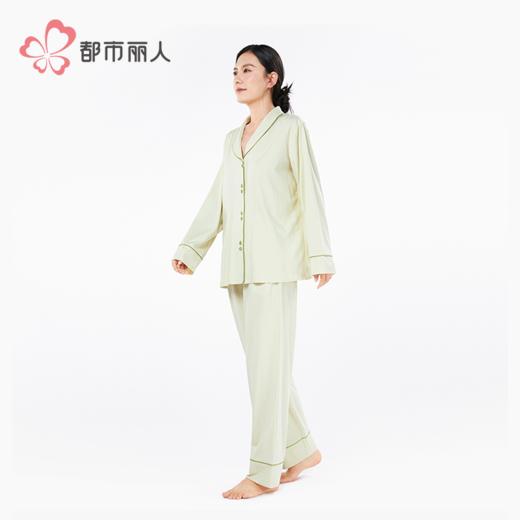 都市丽人女士莫代尔长袖套装薄棉莫拉架好睡好眠长袖类LHH1A7 商品图3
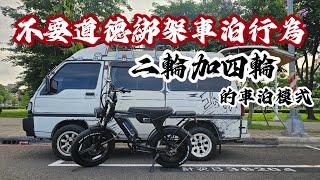 別道德綁架車泊行為！二輪加四輪車泊！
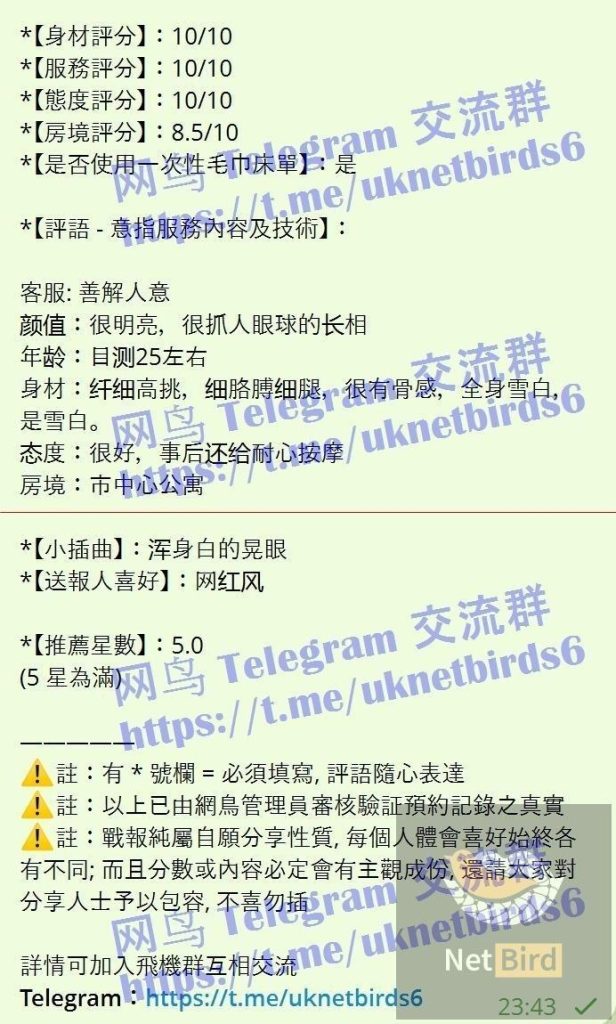 独家小炣Kyla ❤️转机路过❤️短开课几天❤️ ➡️曾任某航司空乘人员1307 作者:曼城学园 帖子ID:5656 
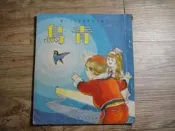 兒童文藝叢書第二十一種 青鳥 兒童樂園半月刊出版,sp2307
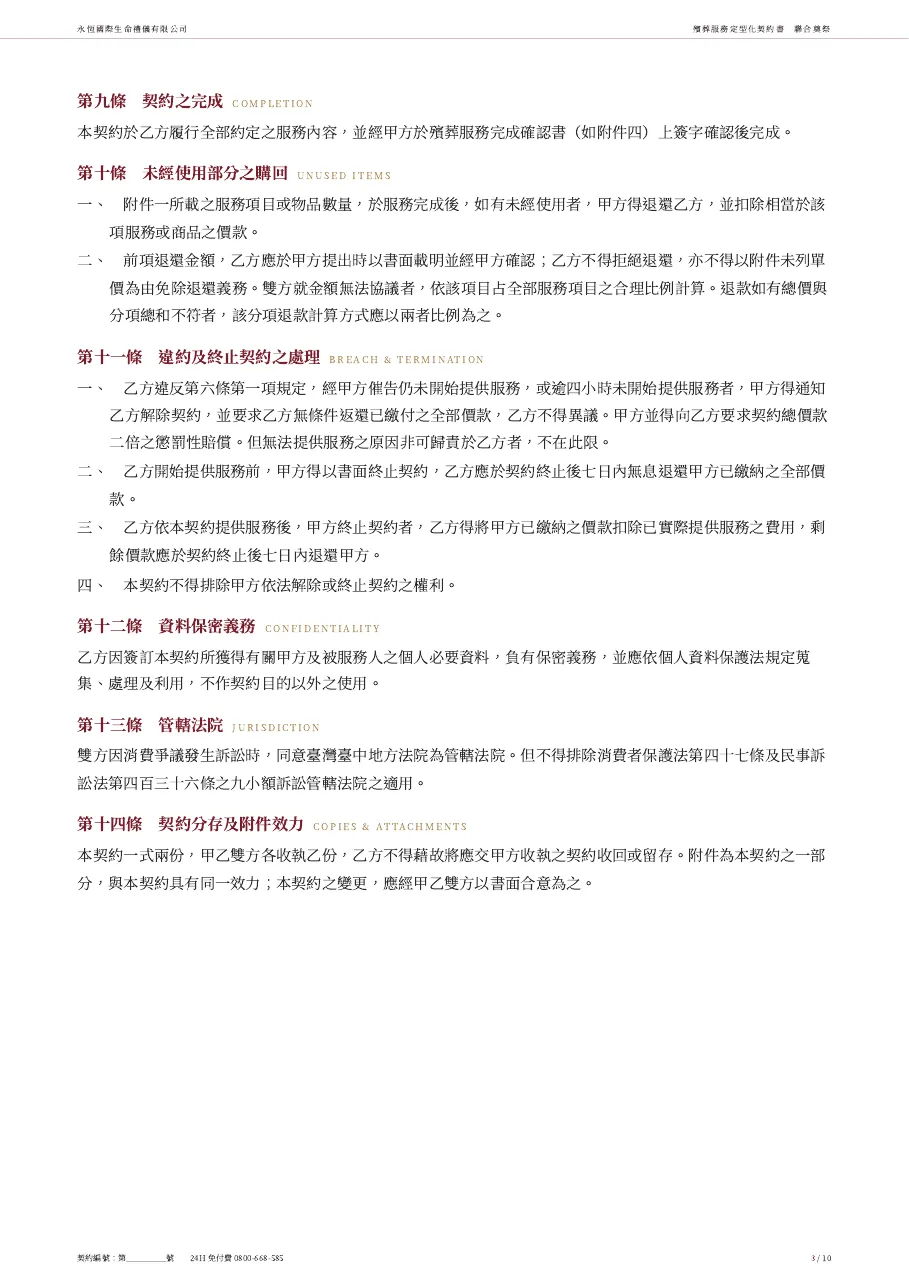 永恆生命聯合奠祭殯葬服務定型化契約書 第 3 頁,共 10 頁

# # # # # # #

Exercise objective:
Please retype, exactly and only, the lines from the one holding "別道德綁架車泊行為！二輪加四輪車泊！" to the end of the entries, both ends included, without any pictures.

Exercise solution:
 別道德綁架車泊行為！二輪加四輪車泊！
 独家小炣Kyla ❤️转机路过❤️短开课几天❤️ ➡️曾任某航司空乘人员1307 作者:曼城学园 帖子ID:5656 
 兒童文藝叢書第二十一種 青鳥 兒童樂園半月刊出版,sp2307
 永恆生命聯合奠祭殯葬服務定型化契約書 第 3 頁,共 10 頁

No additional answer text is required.